The largest contingent of the writers are Australian (seven essays). I am guessing that this is because the editor has lived and worked here. I am honoured to know two contributors; Vivienne Porszolt and Peter Slezak.
A leading light of Jews against the Occupation, Porszolt writes about growing up in New Zealand and packs a punch with her words: “The emotions surrounding Israel are immensely complex for so many Jews. The tragic experience of the Holocaust has been disgracefully misused by the Zionist movement.
“It has been keeping the wounds open and suppurating, feeding constant fear of ever-threatening antisemitism to provide emotional fuel for their project.
“There has been no chance to heal, a healing that is necessary for Jews to feel as strong in the world as in fact they are. Instead they shield themselves with the illusion of an all-powerful Israel, which cannot long survive its current course.
“This spurious shield carries a great emotional, social, political and moral cost.”

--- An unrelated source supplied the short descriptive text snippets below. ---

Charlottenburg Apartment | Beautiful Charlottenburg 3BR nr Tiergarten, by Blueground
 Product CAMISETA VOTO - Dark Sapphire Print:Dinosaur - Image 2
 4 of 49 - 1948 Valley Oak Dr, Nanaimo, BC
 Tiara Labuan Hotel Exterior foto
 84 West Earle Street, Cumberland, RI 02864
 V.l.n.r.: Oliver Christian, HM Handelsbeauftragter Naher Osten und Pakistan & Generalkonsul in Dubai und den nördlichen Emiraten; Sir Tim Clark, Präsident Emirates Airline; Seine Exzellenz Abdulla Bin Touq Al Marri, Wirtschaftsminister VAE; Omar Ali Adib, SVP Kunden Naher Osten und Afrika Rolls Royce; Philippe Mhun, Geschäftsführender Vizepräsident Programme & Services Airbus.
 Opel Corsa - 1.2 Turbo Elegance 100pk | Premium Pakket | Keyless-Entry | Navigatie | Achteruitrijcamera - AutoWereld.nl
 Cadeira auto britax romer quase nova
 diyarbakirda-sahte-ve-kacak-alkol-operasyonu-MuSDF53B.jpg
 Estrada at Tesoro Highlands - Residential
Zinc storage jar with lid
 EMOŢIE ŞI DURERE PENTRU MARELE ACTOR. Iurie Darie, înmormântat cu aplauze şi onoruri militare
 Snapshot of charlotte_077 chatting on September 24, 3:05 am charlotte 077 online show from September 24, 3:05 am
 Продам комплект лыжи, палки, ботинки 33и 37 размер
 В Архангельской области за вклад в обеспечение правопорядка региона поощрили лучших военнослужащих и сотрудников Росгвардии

Slezak, co-founder of Australian Independent Jewish Voices, traces his secular evolution through Bertrand Russell to Noam Chomsky. He quotes his excellent speech he gave in Melbourne in January 2009, during Israel’s ‘Cast Lead’ bombing of Gaza: “So I’m here because the State of Israel does not represent all Jews.
“If we have learned the real meaning of the slogan 'never again', we can’t remain silent when the crimes are being committed in our name. We must universalise the lessons of our own tragedy to include others in our moral universe ...
“The Nazis made Jews wear a yellow Star of David to stigmatise them. I grew up with the immensely moving image of others, non-Jews, like the King of Denmark, who showed their humanity by wearing the yellow star to symbolise their solidarity with the Jewish victims of persecution.”
The Canadian contributors are from Montreal and are part of dialogue groups that involve Jews and Palestinians meeting regularly to discuss the Middle East.
One participant, Lesley Levy, offered this insight: “The desperate need for a Jewish homeland seems to allow for endless human rights violations, but it is not making us safer, far from it. It has become idol worship and an unquestioning mindset that Israel can do no wrong.”
From a relative in Montreal, I learned that at least one dialogue group stopped meeting over the Cast Lead attack on Gaza. It seems to me that without a strong solidarity agenda, such groups will not draw together when the next Israeli atrocity takes place, but will fall apart.
The first contributor in the Israel section is Jeff Halper. Originally from the US, he is the founder of Israeli Committee Against Housing Demolition (ICAHD).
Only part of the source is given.